Native Sort Pugin / Delimited Payload Token Filter throws "Cannot itererate twice"

mrkamel · October 5, 2017, 1:11pm

Hi,

i've written a native (java) sort plugin (extending AbstractDoubleSearchScript) which uses data derived from a delimited payload token filter, such that the plugin uses custom scores indexed via the payload token filter "keyword1|0.812 keyword2|0.741 ..." to sort the documents in accordance to these custom scores. The plugin iterates over a list of keywords (passed as script params) and calculates a sum for sorting.

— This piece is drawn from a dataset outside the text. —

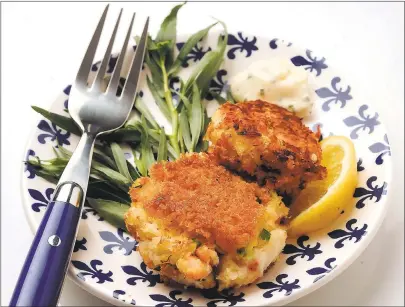  ?? STAFF FILE PHOTO ?? For prize-worthy, golden-brown crab cakes, use fresh Dungeness crabmeat and be creative with the herbs and spices.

  private double runAsDouble() {
    double res = 0.0;
    int n = 0;

    for(String keyword : keywords) {
      try {
        for(TermPosition termPosition : indexLookup().get("term_scores").get(keyword, IndexLookup.FLAG_PAYLOADS)) {
          res += termPosition.payloadAsFloat(0.0f);
          
          n++;
        }
      } catch(ElasticsearchException e) {
        e.printStackTrace();

        return 0.0;
      }
    }   

    if(n == 0)
      return 0.0;

    return res / (double)n;
  }

This however throws tons of "org.elasticsearch.ElasticsearchException: Cannot iterate twice! If you want to iterate more that once, add _CACHE explicitly." even if i pass only a single keyword to iterate over. I'd like to know why this code gets called multiple times? Is it like ES is executing runAsDouble on every comparison during it's internal sort process? Adding FLAG_CACHE works, but i still like to know why the code is called multiple times.

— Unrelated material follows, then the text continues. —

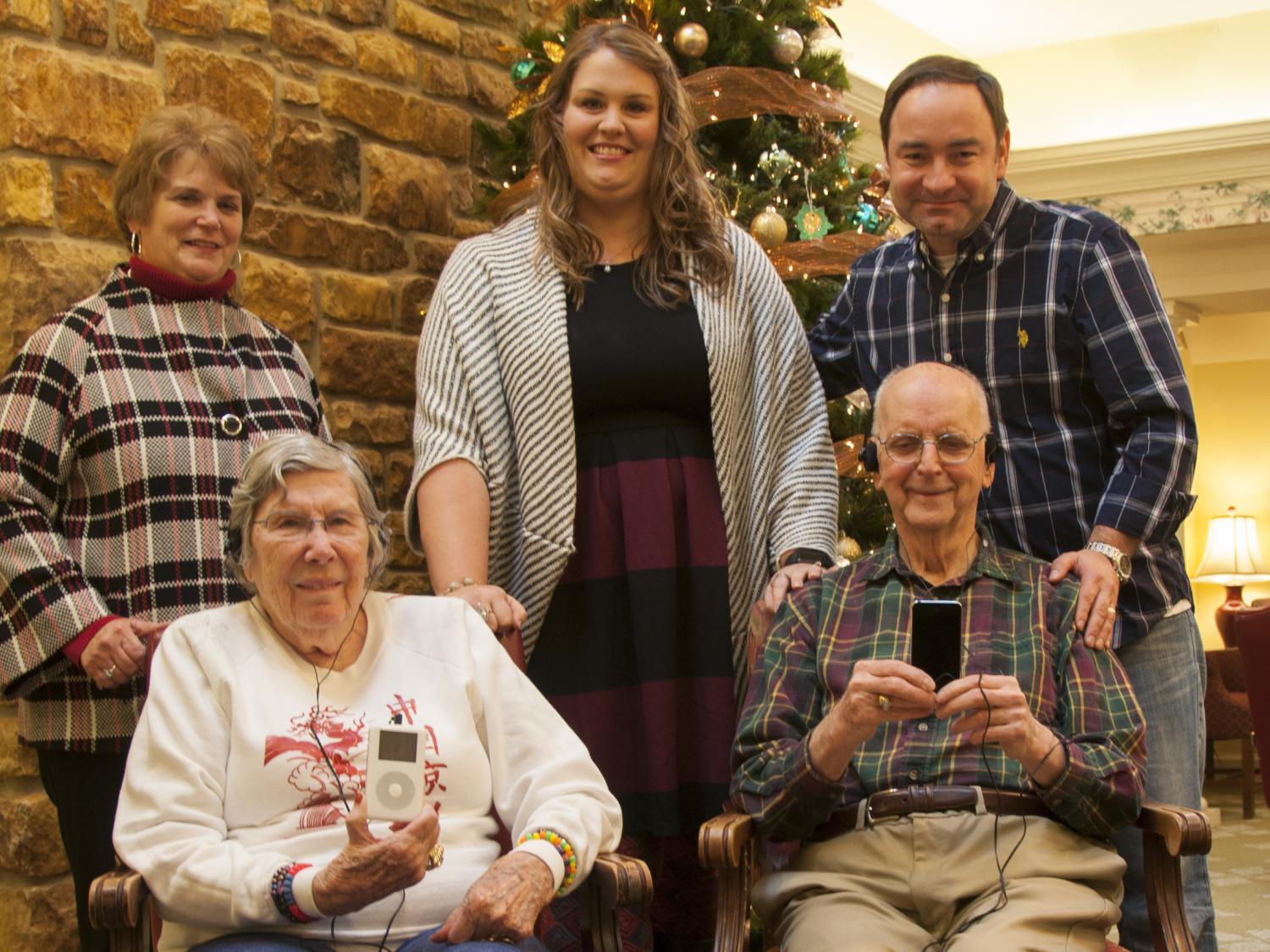 Penn State staff stand around two patients holding iPods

Interestingly, the code used in this stackoverflow answer https://stackoverflow.com/a/21481792 doesn't use _CACHE, but maybe this is a matter of ES versioning or inline scripts adding _CACHE automatically ...

Thanks in advance

rjernst · October 12, 2017, 9:47pm

The problem is you are using IndexLookup, which is a wrapper over Lucene APIs. This does it's own caching internally, but does not pass any additional flags to Lucene like _CACHE.

You should instead look at the more recent examples of advanced scripts, which use the Lucene apis directly:
https://www.elastic.co/guide/en/elasticsearch/reference/5.5/modules-scripting-engine.html

system · November 9, 2017, 9:48pm

This topic was automatically closed 28 days after the last reply. New replies are no longer allowed.